2014 Tennessee Code
Title 40 - Criminal Procedure
Chapter 6 - Warrants
Part 1 - Search Warrants
§ 40-6-108 - Exclusionary Rule Reform Act.
(a) Notwithstanding any law to the contrary, any evidence that is seized as a result of executing a search warrant issued pursuant to this part or pursuant to Tennessee Rules of Criminal Procedure Rule 41 that is otherwise admissible in a criminal proceeding and not in violation of the constitution of the United States or Tennessee shall not be suppressed as a result of any violation of this part or any violation of Tennessee Rules of Criminal Procedure Rule 41 if the court determines that such violation was a result of a good faith mistake or technical violation made by a law enforcement officer, court official, or the issuing magistrate as defined in subsection (c).
(b) This section does not limit or prohibit the enforcement of any appropriate civil remedy in actions pursuant to other provisions of law against any individual or government entity found to have conducted an unreasonable search or seizure; provided, however, that unless otherwise provided by federal law or the constitution of Tennessee, if any evidence is seized as a result of a good faith mistake or technical violation, as defined in subsection (c), the individual or government entity shall not be civilly liable.

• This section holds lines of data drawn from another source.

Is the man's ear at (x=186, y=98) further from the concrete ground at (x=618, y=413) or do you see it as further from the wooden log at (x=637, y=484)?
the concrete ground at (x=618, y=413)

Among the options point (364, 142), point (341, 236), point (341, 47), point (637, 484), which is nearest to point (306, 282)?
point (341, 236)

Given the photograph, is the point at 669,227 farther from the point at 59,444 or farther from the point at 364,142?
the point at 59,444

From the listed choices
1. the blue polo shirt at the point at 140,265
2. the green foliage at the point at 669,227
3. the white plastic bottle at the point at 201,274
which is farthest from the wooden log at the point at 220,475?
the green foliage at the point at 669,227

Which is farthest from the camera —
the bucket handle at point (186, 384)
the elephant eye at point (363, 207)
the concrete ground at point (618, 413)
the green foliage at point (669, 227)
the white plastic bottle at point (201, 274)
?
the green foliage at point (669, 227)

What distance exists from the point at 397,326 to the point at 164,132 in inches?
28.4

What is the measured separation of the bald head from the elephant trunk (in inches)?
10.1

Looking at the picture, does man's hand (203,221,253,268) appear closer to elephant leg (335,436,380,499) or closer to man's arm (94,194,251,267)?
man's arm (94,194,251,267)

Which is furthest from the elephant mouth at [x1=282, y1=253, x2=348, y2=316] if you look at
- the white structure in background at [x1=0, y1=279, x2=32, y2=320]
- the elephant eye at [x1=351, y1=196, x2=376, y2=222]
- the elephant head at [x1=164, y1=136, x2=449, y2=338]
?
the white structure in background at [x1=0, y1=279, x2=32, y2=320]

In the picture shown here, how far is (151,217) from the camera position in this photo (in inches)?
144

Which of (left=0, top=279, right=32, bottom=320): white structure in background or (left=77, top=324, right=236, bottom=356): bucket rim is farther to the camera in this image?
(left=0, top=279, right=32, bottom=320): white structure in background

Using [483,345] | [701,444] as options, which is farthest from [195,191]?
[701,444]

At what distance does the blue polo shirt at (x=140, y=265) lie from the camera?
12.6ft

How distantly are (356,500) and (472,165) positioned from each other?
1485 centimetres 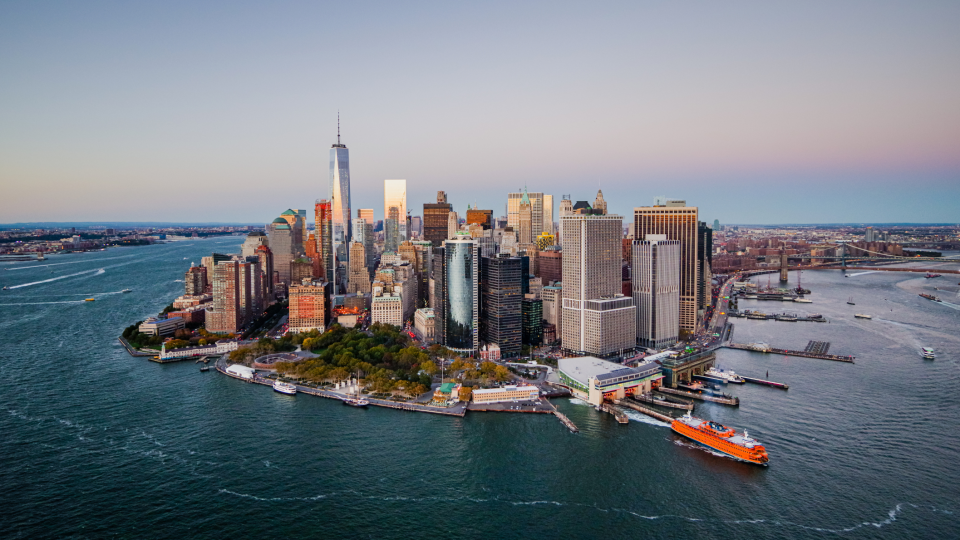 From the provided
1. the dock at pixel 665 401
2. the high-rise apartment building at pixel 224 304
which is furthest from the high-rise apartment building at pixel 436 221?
the dock at pixel 665 401

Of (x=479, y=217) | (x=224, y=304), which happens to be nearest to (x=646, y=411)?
(x=224, y=304)

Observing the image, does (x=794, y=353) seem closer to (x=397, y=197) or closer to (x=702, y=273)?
(x=702, y=273)

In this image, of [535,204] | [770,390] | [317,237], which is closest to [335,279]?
[317,237]

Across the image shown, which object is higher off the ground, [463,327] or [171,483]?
[463,327]

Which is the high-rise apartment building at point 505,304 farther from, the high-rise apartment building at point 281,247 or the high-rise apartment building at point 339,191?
the high-rise apartment building at point 281,247

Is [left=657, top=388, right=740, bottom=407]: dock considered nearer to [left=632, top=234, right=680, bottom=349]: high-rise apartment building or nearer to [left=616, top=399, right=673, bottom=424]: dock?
[left=616, top=399, right=673, bottom=424]: dock

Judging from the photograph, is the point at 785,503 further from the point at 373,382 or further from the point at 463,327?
the point at 463,327

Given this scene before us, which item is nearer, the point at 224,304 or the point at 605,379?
the point at 605,379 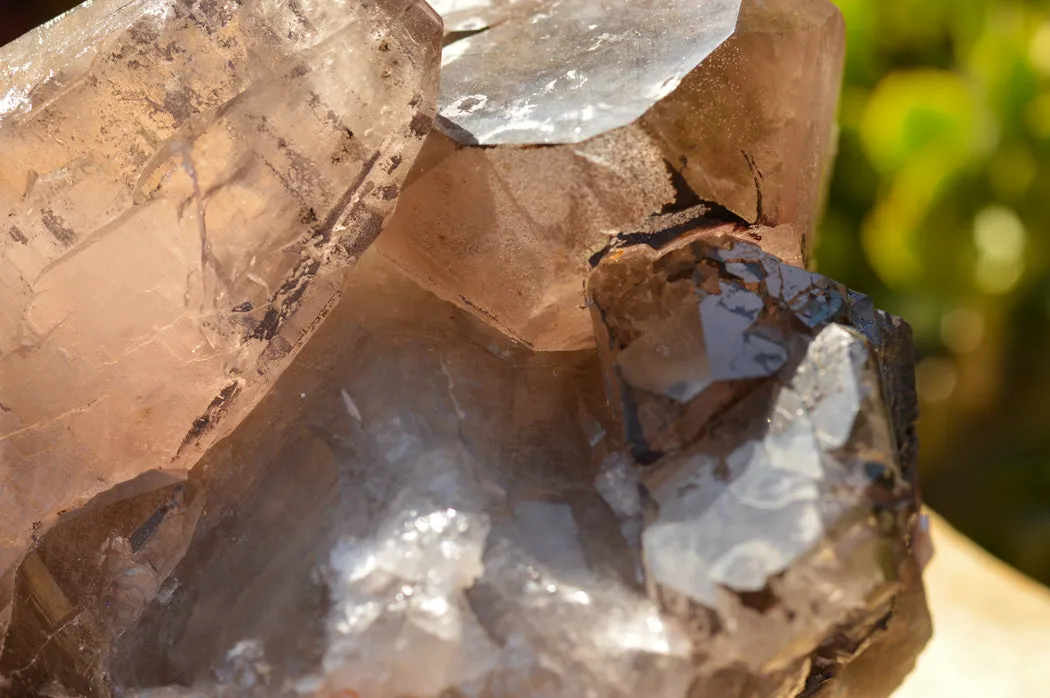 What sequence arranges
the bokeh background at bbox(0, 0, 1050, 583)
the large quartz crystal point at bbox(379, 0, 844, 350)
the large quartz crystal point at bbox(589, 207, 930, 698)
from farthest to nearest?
the bokeh background at bbox(0, 0, 1050, 583) → the large quartz crystal point at bbox(379, 0, 844, 350) → the large quartz crystal point at bbox(589, 207, 930, 698)

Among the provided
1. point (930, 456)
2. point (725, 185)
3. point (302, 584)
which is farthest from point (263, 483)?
point (930, 456)

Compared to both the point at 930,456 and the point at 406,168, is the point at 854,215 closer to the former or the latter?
the point at 930,456

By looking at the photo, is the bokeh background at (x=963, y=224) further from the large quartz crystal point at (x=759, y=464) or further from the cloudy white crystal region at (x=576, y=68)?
the large quartz crystal point at (x=759, y=464)

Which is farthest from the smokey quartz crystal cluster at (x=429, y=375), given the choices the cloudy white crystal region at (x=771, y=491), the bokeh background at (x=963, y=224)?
the bokeh background at (x=963, y=224)

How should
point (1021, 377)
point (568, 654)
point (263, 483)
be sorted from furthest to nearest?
1. point (1021, 377)
2. point (263, 483)
3. point (568, 654)

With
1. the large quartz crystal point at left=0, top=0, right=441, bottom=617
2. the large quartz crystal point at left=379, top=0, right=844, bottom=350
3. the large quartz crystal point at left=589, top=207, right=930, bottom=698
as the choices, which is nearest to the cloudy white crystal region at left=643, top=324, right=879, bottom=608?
the large quartz crystal point at left=589, top=207, right=930, bottom=698

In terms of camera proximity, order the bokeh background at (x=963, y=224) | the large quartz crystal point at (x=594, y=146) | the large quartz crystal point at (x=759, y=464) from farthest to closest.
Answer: the bokeh background at (x=963, y=224) → the large quartz crystal point at (x=594, y=146) → the large quartz crystal point at (x=759, y=464)

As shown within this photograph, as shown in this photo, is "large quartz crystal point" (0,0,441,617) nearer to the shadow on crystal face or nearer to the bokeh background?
the shadow on crystal face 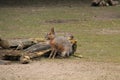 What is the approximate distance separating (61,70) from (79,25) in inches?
278

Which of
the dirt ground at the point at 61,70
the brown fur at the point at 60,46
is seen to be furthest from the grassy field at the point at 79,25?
the dirt ground at the point at 61,70

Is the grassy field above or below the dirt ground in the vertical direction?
below

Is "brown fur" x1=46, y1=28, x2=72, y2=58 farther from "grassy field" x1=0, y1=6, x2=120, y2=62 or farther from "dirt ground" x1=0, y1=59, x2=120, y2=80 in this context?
"grassy field" x1=0, y1=6, x2=120, y2=62

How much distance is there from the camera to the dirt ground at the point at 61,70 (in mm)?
7523

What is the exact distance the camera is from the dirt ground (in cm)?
752

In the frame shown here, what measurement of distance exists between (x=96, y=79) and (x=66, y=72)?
705 millimetres

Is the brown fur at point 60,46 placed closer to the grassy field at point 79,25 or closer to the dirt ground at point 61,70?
the dirt ground at point 61,70

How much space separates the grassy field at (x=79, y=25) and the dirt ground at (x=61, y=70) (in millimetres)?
681

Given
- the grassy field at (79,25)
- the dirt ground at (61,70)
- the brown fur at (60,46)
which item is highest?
the brown fur at (60,46)

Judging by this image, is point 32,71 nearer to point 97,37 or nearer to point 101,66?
point 101,66

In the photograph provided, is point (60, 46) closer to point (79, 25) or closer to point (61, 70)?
point (61, 70)

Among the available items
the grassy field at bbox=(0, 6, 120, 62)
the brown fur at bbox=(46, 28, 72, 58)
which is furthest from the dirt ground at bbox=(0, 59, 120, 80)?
the grassy field at bbox=(0, 6, 120, 62)

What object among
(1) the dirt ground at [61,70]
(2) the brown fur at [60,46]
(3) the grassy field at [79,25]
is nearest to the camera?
(1) the dirt ground at [61,70]

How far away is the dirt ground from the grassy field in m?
0.68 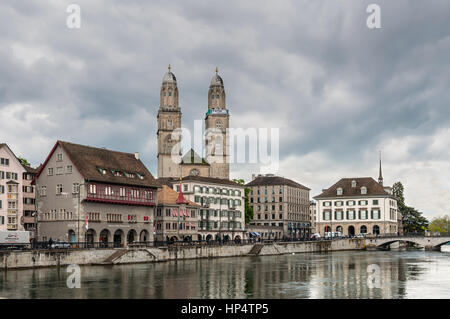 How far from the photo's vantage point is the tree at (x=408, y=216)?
17225cm

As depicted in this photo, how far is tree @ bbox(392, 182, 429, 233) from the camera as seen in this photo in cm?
17225

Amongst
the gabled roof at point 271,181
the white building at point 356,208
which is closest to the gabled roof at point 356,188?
the white building at point 356,208

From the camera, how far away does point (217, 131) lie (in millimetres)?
156125

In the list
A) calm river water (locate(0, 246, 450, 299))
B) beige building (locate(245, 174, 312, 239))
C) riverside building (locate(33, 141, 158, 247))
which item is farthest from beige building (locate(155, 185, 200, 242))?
beige building (locate(245, 174, 312, 239))

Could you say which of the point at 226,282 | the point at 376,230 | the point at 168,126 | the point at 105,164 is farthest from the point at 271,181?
the point at 226,282

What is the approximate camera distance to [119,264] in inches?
2766

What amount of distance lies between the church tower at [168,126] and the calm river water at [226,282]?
79.3m

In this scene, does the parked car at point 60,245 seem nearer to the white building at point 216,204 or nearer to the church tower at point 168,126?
the white building at point 216,204

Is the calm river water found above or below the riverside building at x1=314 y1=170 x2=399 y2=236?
below

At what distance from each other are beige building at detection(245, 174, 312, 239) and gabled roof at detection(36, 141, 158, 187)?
72.3 meters

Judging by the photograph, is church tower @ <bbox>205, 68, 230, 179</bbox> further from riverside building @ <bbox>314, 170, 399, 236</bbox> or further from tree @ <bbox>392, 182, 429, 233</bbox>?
tree @ <bbox>392, 182, 429, 233</bbox>

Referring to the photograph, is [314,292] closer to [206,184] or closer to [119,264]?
[119,264]

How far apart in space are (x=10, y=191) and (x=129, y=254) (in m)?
26.7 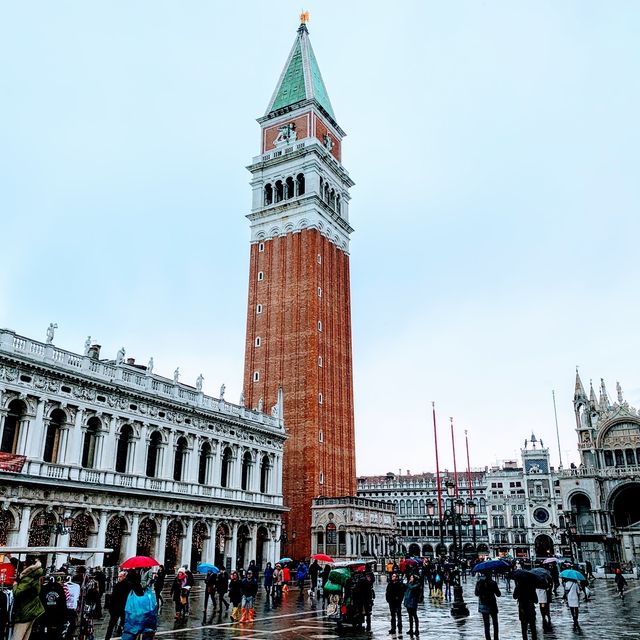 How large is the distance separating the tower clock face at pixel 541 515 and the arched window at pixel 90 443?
8465 cm

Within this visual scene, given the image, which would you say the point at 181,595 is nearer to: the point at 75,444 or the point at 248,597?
the point at 248,597

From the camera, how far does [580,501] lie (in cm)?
6981

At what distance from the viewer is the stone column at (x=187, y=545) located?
1586 inches

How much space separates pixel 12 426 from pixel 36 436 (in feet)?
4.07

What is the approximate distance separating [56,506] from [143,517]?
21.3ft

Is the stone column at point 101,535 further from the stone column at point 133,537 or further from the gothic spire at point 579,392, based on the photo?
the gothic spire at point 579,392

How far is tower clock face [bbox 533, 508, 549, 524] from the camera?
102312mm

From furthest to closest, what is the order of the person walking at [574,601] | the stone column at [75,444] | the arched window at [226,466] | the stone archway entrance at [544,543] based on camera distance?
1. the stone archway entrance at [544,543]
2. the arched window at [226,466]
3. the stone column at [75,444]
4. the person walking at [574,601]

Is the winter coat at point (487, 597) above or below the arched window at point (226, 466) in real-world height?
below

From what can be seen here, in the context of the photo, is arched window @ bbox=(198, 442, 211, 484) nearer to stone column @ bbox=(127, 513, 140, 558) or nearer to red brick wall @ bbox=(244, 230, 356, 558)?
stone column @ bbox=(127, 513, 140, 558)

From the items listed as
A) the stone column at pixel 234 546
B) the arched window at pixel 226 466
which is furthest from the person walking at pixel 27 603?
the arched window at pixel 226 466

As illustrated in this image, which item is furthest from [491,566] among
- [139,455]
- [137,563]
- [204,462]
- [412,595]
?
[204,462]

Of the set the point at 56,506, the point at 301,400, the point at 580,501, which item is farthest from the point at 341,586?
the point at 580,501

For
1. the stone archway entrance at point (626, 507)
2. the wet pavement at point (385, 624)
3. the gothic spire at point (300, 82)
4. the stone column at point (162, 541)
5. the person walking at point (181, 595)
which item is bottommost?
the wet pavement at point (385, 624) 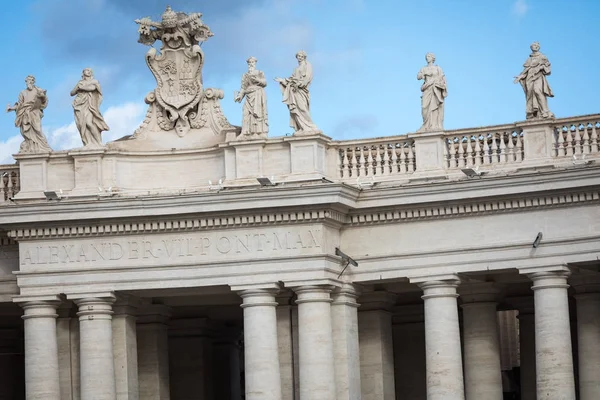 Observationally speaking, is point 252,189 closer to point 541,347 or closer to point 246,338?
point 246,338

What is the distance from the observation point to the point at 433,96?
52.4m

(c) As used in this section, unless the context otherwise requires, "good faith mistake or technical violation" means:
(1) An unintentional clerical error or clerical omission made by a law enforcement officer, court official or issuing magistrate in the form, preparation, issuance, filing and handling of copies, or return and inventory of a search warrant;
(2) When the officer to whom the warrant is delivered for execution is not present during the execution but an officer with law enforcement authority over the premises does otherwise execute the search warrant;
(3) A reasonable reliance on a statute that is subsequently ruled unconstitutional; or controlling court precedent that is overruled after the issuance of a search warrant, unless the court overruling the precedent orders the new precedent to be applied retroactively.